I was looking forward to the movie, I Am Legend, that is coming to Morris in the next month or so, but the first review I’ve seen is not promising. I’ve read the book and the previous film adaptations; the original I Am Legend by Richard Matheson is a classic with an excellent twist, raising the troubling question of just who the monster is. The first movie, The Last Man on Earth, with Vincent Price is also good, and sticks to the story fairly faithfully.
The one most people have seen, The Omega Man, is awful. It throws away the ending of the story with its disturbing attempt to make people think and instead makes the protagonist a self-sacrificing hero who saves humanity … and the ending, with Charlton Heston bleeding and dying with his arms flung wide in the standard position of dying messiahs everywhere, was a self-parody of seriousness that had audiences laughing when I saw it — it turned the whole movie into a low-rent Christian allegory.
The new movie with Will Smith looked promising.
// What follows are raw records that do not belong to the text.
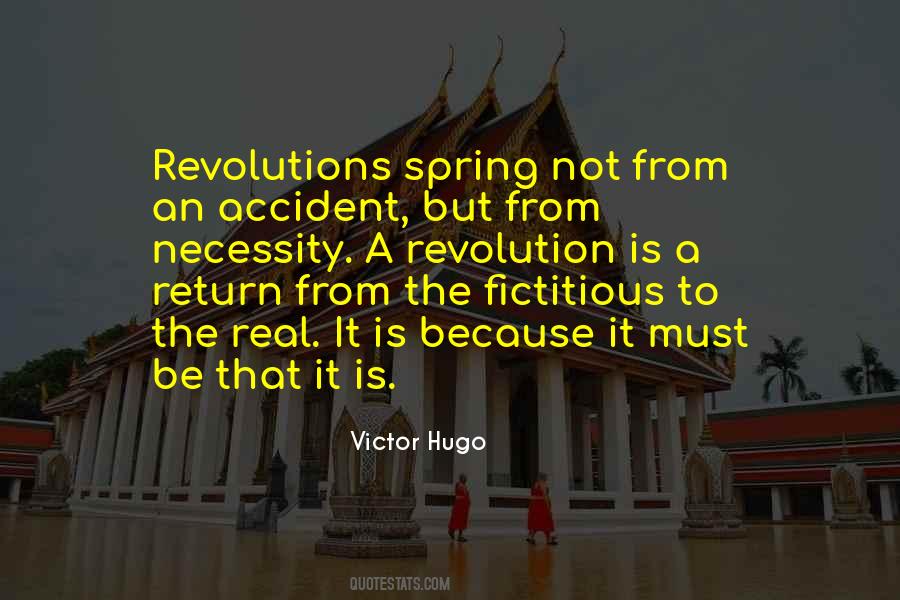 Return Of Spring Quotes #840069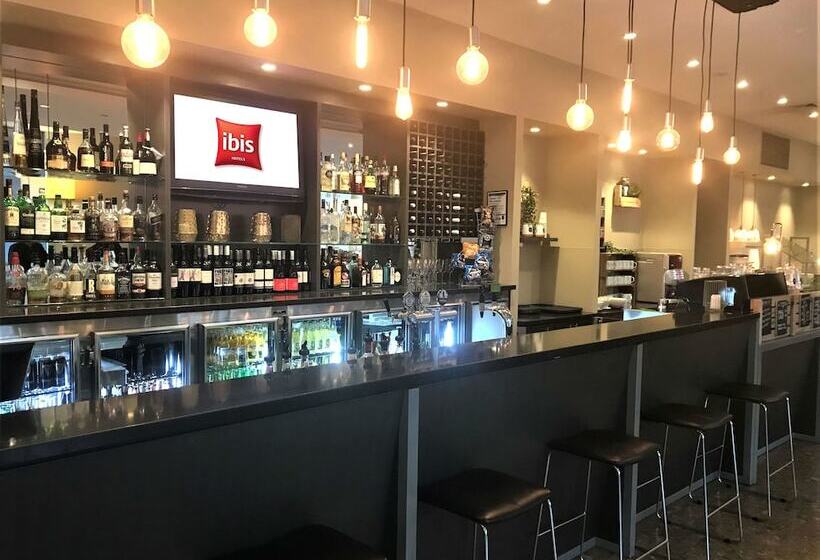 ホテル Ibis Melbourne Glen Waverley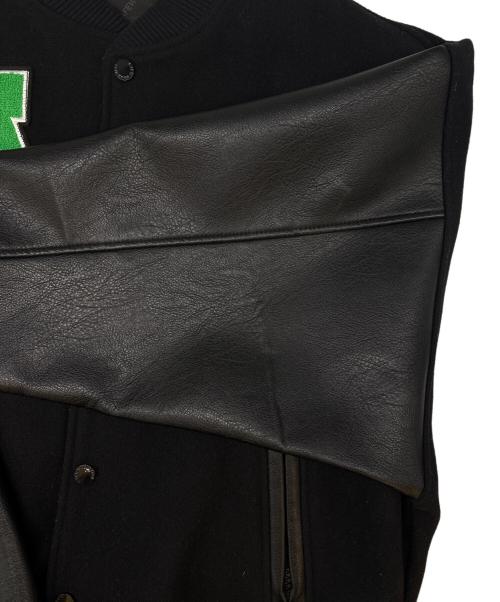 A FEW GOOD KIDS（アフューグッドキッズ）A FEW GOOD KIDS (アフューグッドキッズ) A FEW GOOD KIDS　ブルゾン ブラック サイズ:Ｍの古着・服飾アイテム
The ads have all focused on the post-apocalyptic desolation of the protagonist’s situation, and since they restored Matheson’s original title (which was actually highly relevant to the ending), there was hope that it might actually be worth seeing.
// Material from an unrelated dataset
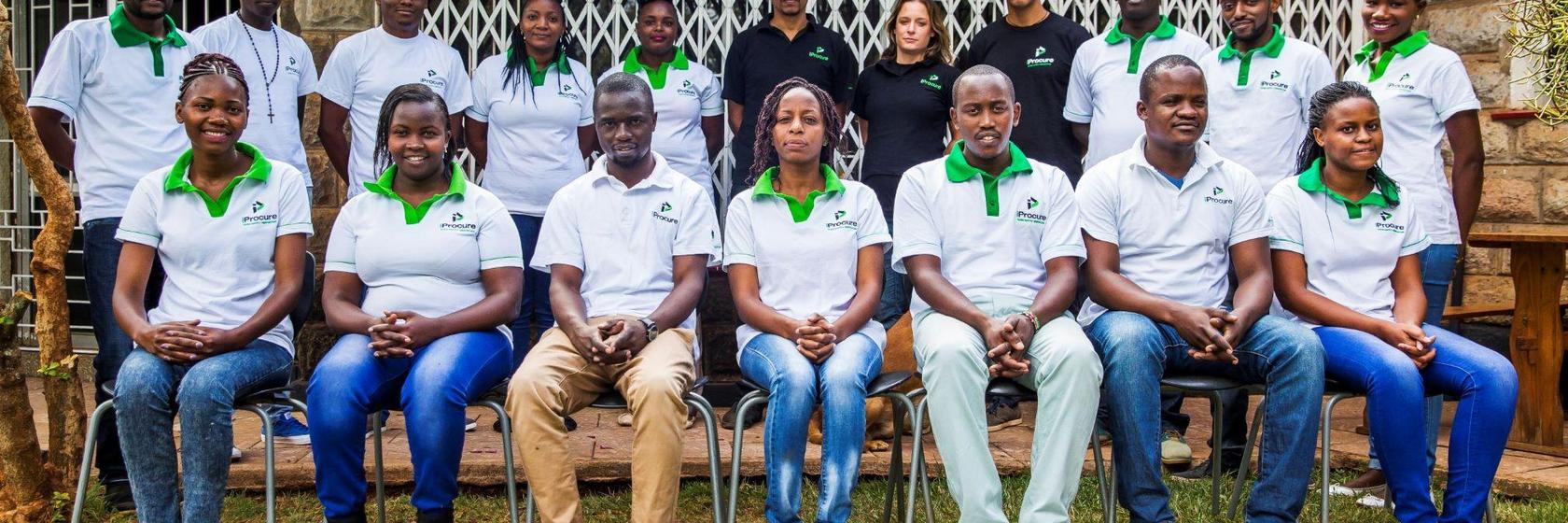 funding gap emerging markets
Unfortunately, it’s more Omega Man than Last Man on Earth (that link contains many spoilers, beware). Worse, the Christian allegory has been expanded to consume all, and it’s set up as a conflict between evil science that creates plagues that destroy humanity vs. vague mystical prophecies and the salvation of mankind through faith.
Ugh. This is a disappointment. I’ll probably go see it anyway because I trundle through almost every movie that comes to Morris, but I expect to start gagging halfway through it now … at least it’s always good to go into a movie with low expectations. Alas, the high production values I’m seeing in the trailers probably means I won’t even get a laugh out of the ending — it takes monumental cheesiness, as The Omega Man had, to redeem a bad movie with at least a little amusement.
It takes the conservative ideologues at NRO to add that special frisson of stupidity to the reviews.
Shhhh. The end of I Am Legend is religious. And the beginning of the movie is anti-science. The military is a force for good, too. Shhhh. Our little secret. And what must be surprising to those on the Left, a movie that’s anti-science, religious and pro-military earned close to $80 million over the weekend. It is frustrating that none of the pre-release hype focused on the conservative aspects of the film, however.
Yay! It’s a plus that the movie is religious, pro-military, and anti-science! And for that extra dollop of idiocy, the guy brags about how a religious, pro-military, and anti-science movie can bring in the big bucks, and then notes that that agenda was never mentioned in the advertising. Duh.